## To do:
Once the records have been read, set every one down as it stands.

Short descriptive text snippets
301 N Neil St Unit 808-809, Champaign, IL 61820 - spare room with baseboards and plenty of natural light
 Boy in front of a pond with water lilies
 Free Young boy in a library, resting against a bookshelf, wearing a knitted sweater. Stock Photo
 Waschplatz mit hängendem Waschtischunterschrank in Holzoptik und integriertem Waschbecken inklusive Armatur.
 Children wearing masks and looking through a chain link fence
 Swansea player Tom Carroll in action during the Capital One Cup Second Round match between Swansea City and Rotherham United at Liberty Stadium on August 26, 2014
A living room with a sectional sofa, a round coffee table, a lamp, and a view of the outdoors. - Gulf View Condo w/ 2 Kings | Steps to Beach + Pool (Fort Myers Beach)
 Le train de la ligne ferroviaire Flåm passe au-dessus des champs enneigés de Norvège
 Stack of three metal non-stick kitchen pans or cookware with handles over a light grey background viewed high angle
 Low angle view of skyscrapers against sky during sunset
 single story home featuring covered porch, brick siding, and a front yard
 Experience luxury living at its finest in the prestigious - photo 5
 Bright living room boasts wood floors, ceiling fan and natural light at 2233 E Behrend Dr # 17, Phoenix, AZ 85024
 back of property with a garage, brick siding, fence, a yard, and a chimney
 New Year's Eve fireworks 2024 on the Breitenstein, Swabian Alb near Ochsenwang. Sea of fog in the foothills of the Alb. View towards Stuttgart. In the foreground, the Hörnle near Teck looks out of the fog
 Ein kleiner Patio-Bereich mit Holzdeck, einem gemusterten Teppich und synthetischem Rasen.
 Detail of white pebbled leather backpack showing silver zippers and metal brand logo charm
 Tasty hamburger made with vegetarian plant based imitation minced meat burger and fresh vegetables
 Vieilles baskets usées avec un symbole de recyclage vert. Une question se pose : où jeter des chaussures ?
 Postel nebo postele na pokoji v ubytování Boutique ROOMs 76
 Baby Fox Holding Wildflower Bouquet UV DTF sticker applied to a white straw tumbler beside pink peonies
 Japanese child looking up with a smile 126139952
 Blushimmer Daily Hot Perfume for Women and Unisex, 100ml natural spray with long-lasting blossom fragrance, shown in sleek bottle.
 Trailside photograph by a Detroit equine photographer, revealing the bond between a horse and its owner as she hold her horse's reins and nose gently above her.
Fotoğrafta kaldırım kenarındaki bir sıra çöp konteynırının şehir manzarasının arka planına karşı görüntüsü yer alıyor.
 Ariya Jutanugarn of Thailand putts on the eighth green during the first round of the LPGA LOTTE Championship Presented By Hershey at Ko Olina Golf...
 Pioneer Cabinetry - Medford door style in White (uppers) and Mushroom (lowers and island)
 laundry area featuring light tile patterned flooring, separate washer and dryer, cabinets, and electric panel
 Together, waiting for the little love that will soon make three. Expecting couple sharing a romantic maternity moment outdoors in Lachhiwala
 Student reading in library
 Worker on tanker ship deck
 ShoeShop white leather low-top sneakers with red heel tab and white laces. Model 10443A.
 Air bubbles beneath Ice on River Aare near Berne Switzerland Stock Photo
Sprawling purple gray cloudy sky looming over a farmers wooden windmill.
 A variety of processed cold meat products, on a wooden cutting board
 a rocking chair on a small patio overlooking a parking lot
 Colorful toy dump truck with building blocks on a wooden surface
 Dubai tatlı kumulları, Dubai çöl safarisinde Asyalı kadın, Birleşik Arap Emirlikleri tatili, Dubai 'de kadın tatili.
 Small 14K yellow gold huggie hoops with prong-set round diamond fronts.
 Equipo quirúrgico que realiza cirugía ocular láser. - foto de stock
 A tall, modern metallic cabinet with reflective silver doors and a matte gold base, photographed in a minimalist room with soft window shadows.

## Solution for this problem:
301 N Neil St Unit 808-809, Champaign, IL 61820 - spare room with baseboards and plenty of natural light
 Boy in front of a pond with water lilies
 Free Young boy in a library, resting against a bookshelf, wearing a knitted sweater. Stock Photo
 Waschplatz mit hängendem Waschtischunterschrank in Holzoptik und integriertem Waschbecken inklusive Armatur.
 Children wearing masks and looking through a chain link fence
 Swansea player Tom Carroll in action during the Capital One Cup Second Round match between Swansea City and Rotherham United at Liberty Stadium on August 26, 2014
A living room with a sectional sofa, a round coffee table, a lamp, and a view of the outdoors. - Gulf View Condo w/ 2 Kings | Steps to Beach + Pool (Fort Myers Beach)
 Le train de la ligne ferroviaire Flåm passe au-dessus des champs enneigés de Norvège
 Stack of three metal non-stick kitchen pans or cookware with handles over a light grey background viewed high angle
 Low angle view of skyscrapers against sky during sunset
 single story home featuring covered porch, brick siding, and a front yard
 Experience luxury living at its finest in the prestigious - photo 5
 Bright living room boasts wood floors, ceiling fan and natural light at 2233 E Behrend Dr # 17, Phoenix, AZ 85024
 back of property with a garage, brick siding, fence, a yard, and a chimney
 New Year's Eve fireworks 2024 on the Breitenstein, Swabian Alb near Ochsenwang. Sea of fog in the foothills of the Alb. View towards Stuttgart. In the foreground, the Hörnle near Teck looks out of the fog
 Ein kleiner Patio-Bereich mit Holzdeck, einem gemusterten Teppich und synthetischem Rasen.
 Detail of white pebbled leather backpack showing silver zippers and metal brand logo charm
 Tasty hamburger made with vegetarian plant based imitation minced meat burger and fresh vegetables
 Vieilles baskets usées avec un symbole de recyclage vert. Une question se pose : où jeter des chaussures ?
 Postel nebo postele na pokoji v ubytování Boutique ROOMs 76
 Baby Fox Holding Wildflower Bouquet UV DTF sticker applied to a white straw tumbler beside pink peonies
 Japanese child looking up with a smile 126139952
 Blushimmer Daily Hot Perfume for Women and Unisex, 100ml natural spray with long-lasting blossom fragrance, shown in sleek bottle.
 Trailside photograph by a Detroit equine photographer, revealing the bond between a horse and its owner as she hold her horse's reins and nose gently above her.
Fotoğrafta kaldırım kenarındaki bir sıra çöp konteynırının şehir manzarasının arka planına karşı görüntüsü yer alıyor.
 Ariya Jutanugarn of Thailand putts on the eighth green during the first round of the LPGA LOTTE Championship Presented By Hershey at Ko Olina Golf...
 Pioneer Cabinetry - Medford door style in White (uppers) and Mushroom (lowers and island)
 laundry area featuring light tile patterned flooring, separate washer and dryer, cabinets, and electric panel
 Together, waiting for the little love that will soon make three. Expecting couple sharing a romantic maternity moment outdoors in Lachhiwala
 Student reading in library
 Worker on tanker ship deck
 ShoeShop white leather low-top sneakers with red heel tab and white laces. Model 10443A.
 Air bubbles beneath Ice on River Aare near Berne Switzerland Stock Photo
Sprawling purple gray cloudy sky looming over a farmers wooden windmill.
 A variety of processed cold meat products, on a wooden cutting board
 a rocking chair on a small patio overlooking a parking lot
 Colorful toy dump truck with building blocks on a wooden surface
 Dubai tatlı kumulları, Dubai çöl safarisinde Asyalı kadın, Birleşik Arap Emirlikleri tatili, Dubai 'de kadın tatili.
 Small 14K yellow gold huggie hoops with prong-set round diamond fronts.
 Equipo quirúrgico que realiza cirugía ocular láser. - foto de stock
 A tall, modern metallic cabinet with reflective silver doors and a matte gold base, photographed in a minimalist room with soft window shadows.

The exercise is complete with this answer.